- Work task -
Line by line, the data below should be set down unchanged, with images excluded.

(Crawled caption data)
━━━━━━━━━━
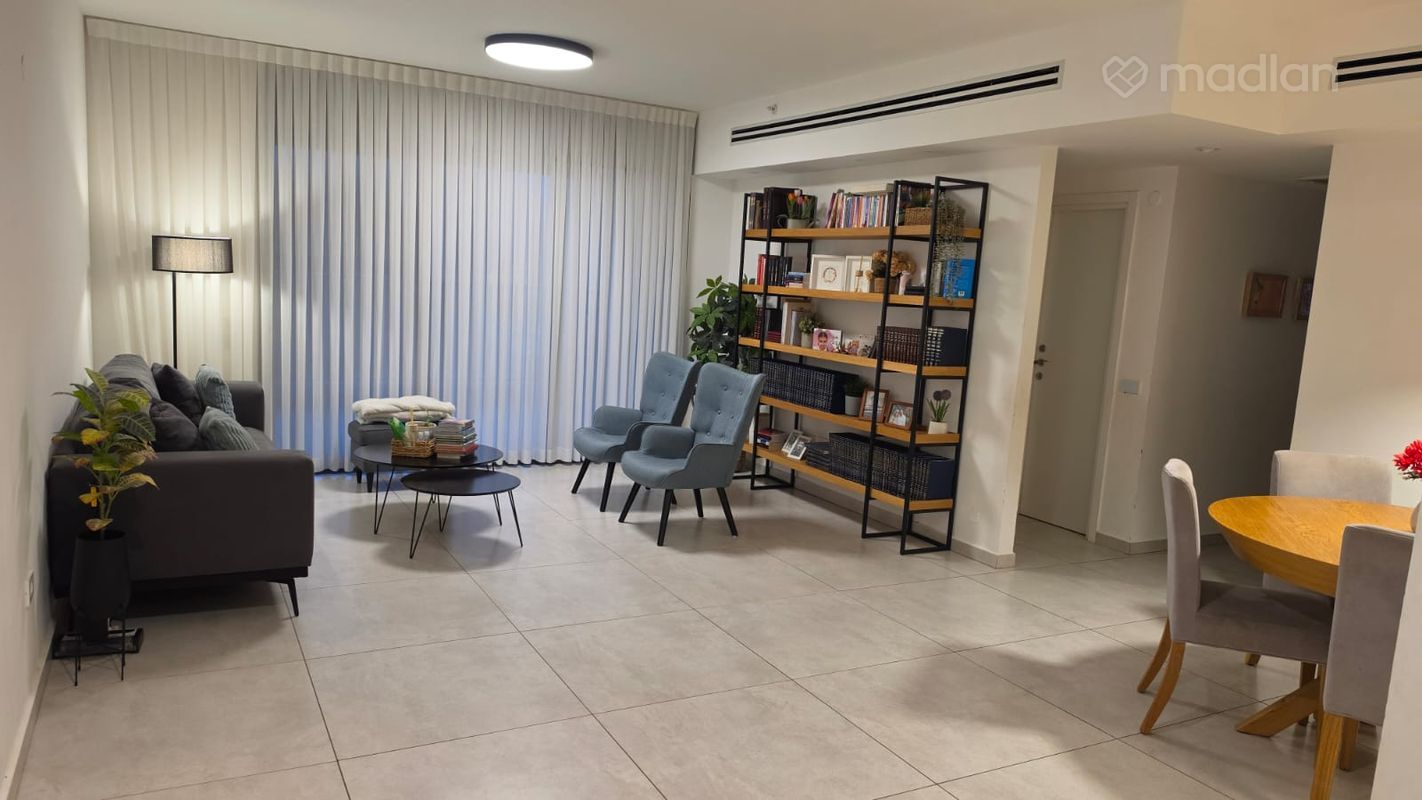 יצחק שמיר 10, רמת הדר החדשה, גבעת שמואל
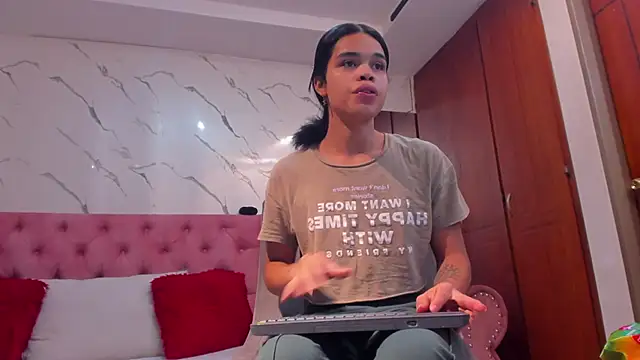 evelyn wine online show from 11, 11, 2025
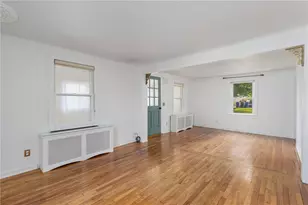 37 Reservoir Rd, Middletown, RI 02842 - Photo 3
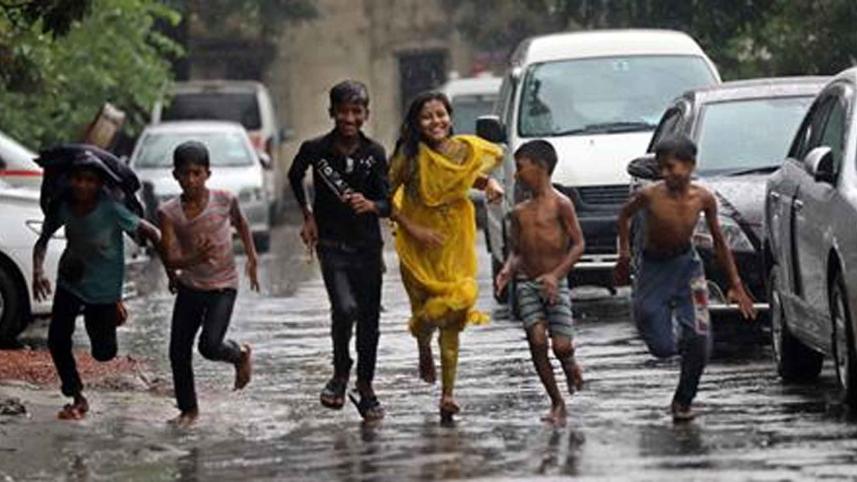 Rain in Dhaka city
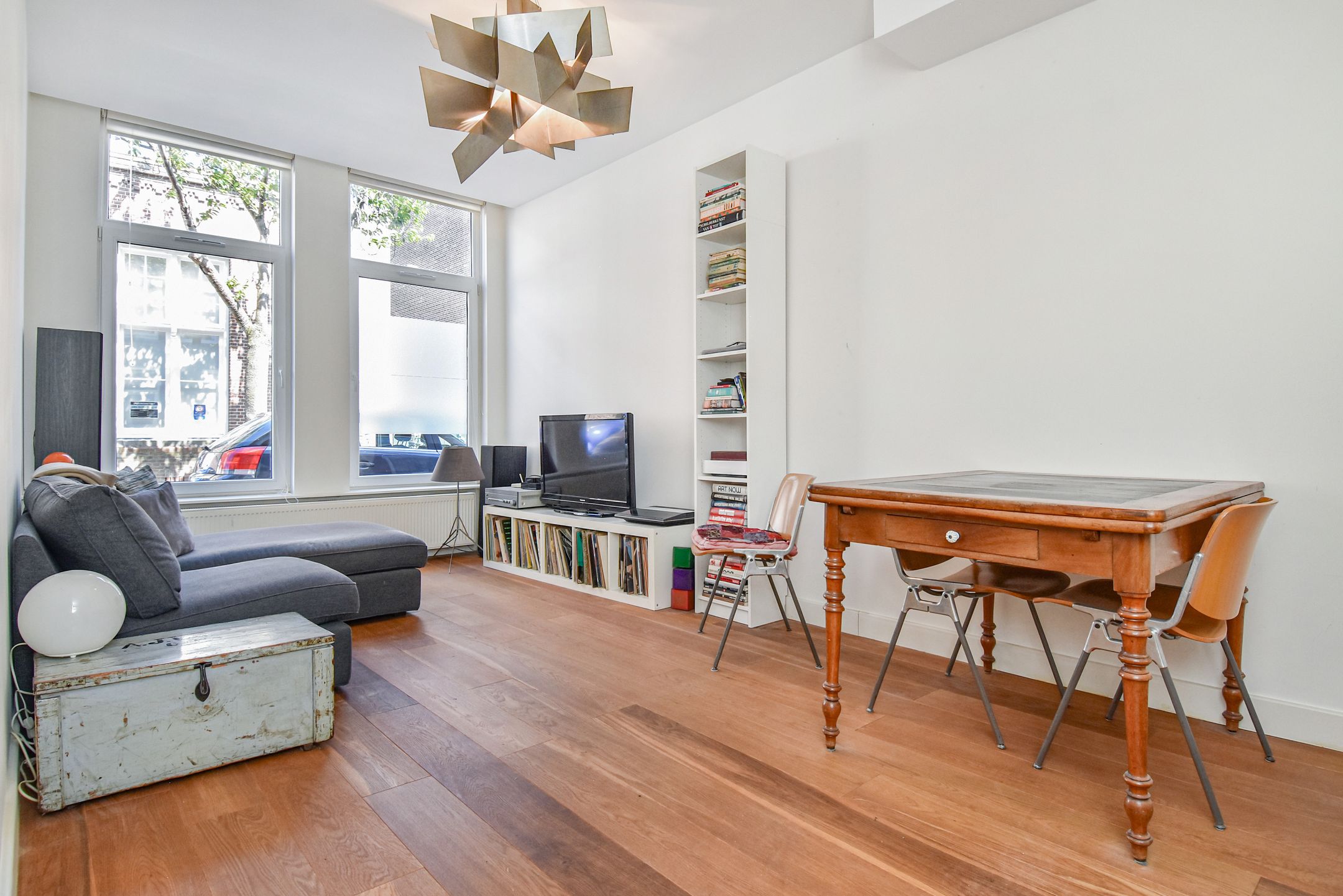 Photo 6 of Hendrik van Deventerstraat 42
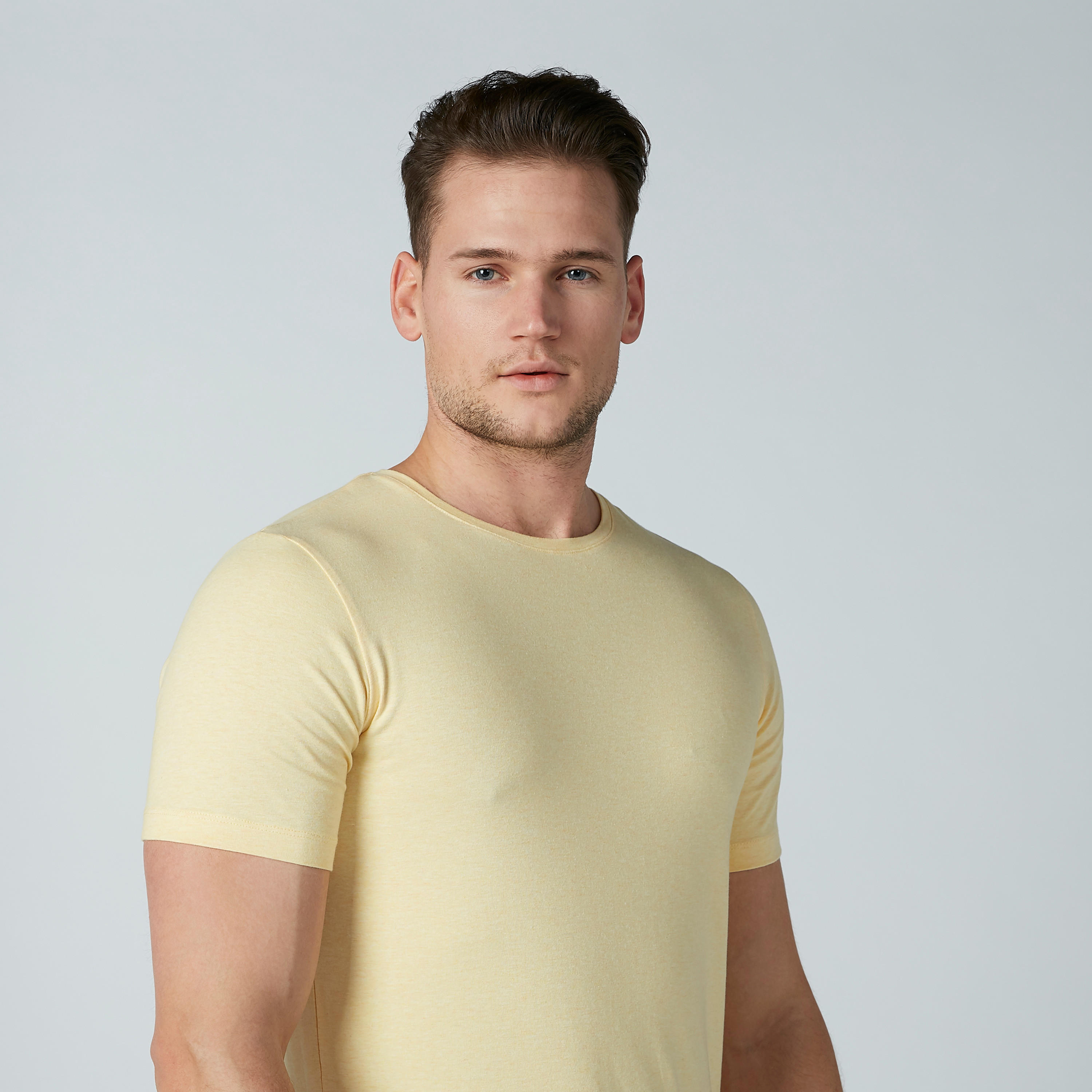 تيشيرت سادة بياقة مستديرة وأكمام قصيرة-men-clothing-tshirtsandpolos-tshirts-image-2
━━━━━━━━━━
- Solution to this problem -
 יצחק שמיר 10, רמת הדר החדשה, גבעת שמואל
 evelyn wine online show from 11, 11, 2025
 37 Reservoir Rd, Middletown, RI 02842 - Photo 3
 Rain in Dhaka city
 Photo 6 of Hendrik van Deventerstraat 42
 تيشيرت سادة بياقة مستديرة وأكمام قصيرة-men-clothing-tshirtsandpolos-tshirts-image-2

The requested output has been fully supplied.